Louisy suggests that the low price point and monthly rolling contract offered by platforms like Eleven and DAZN means that the new wave of sports broadcast platforms are competing with the likes of Spotify, Netflix, Amazon Prime and other low-price content subscriptions, as well as with price point pay-television operators.
“There’s a question around how customers want to spend their money and how many things they’re willing to spend their money on. We do a lot of research on this, and I think the latest study indicates that consumers only really want to subscribe to maybe three to four paid-for services.”
She continued: “It’s more of a disposable income issue, because if you’re paying for Netflix, Spotify, Amazon Prime and other subscription services, you only have so much disposable income left.”
A long way to go
Neither DAZN nor Eleven hold rights to all of the premium sports content in a single market, making the user experience inferior to something like Spotify, which collates almost every song you could possibly wish to hear, in every major market on the planet. And yet DAZN, Eleven and Spotify are priced at the same point: a €9.99/£9.99 monthly subscription that you can cancel at any time.
In a bid to differentiate their offering and keep users on the platform, DAZN is focusing more on VOD content such as behind-the-scenes documentaries – the kind that have proved wildly popular on Amazon and Netflix. But the difference between DAZN and its VOD content rivals is clear: Amazon offers a wealth of other benefits with a Prime subscription, while Netflix offers a glut of film and television unrivalled in almost every major market.
In terms of user experience and quality of content, the likes of DAZN and Eleven are not market leaders in any area other than their price point for live sports content.
For OTT and live streaming to become a true market leader in sports, Vicente believes that a super-platform, aggregating all premium sports content in a given market, could be the key to a sports broadcasting revolution.
“I think many organisations in sports are starting to understand the power of being together, thinking together, of trying to make their content available in a single destination,” Vicente said. “It could also be that some platforms decide to work together and create a super platform, which could aggregate all the rights.”
For Tomassetti, OTT platforms must work not only on this, but on personalising that experience for the user.
“The OTT platform did it well: they give you the content whenever you want, and that was the first step. Now there is a second step: people want to receive content whenever they want, but the exact content they want, in the moment they want. The platform that is able to provide this kind of experience for users will be the winning one.”
For all the innovation and all the disruption of the past five years, traditional pay-television operators remain in a better position than OTT players to deliver this experience to the consumer. They have bigger budgets to acquire premium sports content; bigger subscriber bases; and the ability to agree carriage deals with multiple sports broadcasters to bring all premium sports content under one subscription.

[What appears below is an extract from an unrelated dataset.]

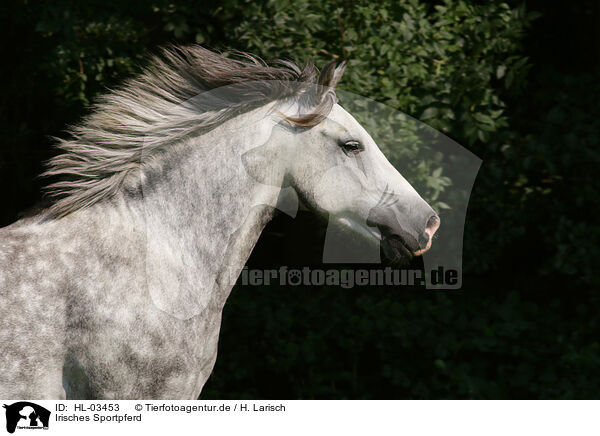 Irisches Sportpferd / Irish Sport Horse / HL-03453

Thus far, the only successful disruption happening in the sports broadcasting industry has been on price. Instead of asking consumers to subscribe to a wholly superior product for a lower price, a more complex question is being put forward.
Would you rather pay £60 or £70 per month for a complete live sports package, delivered as live as it possibly can be, in a way you’re used to receiving it? Or would you rather pay £9.99 for a fairly small slice of what you want, delivered 15 seconds to a minute late, in a way that isn’t necessarily how you’d prefer to watch it?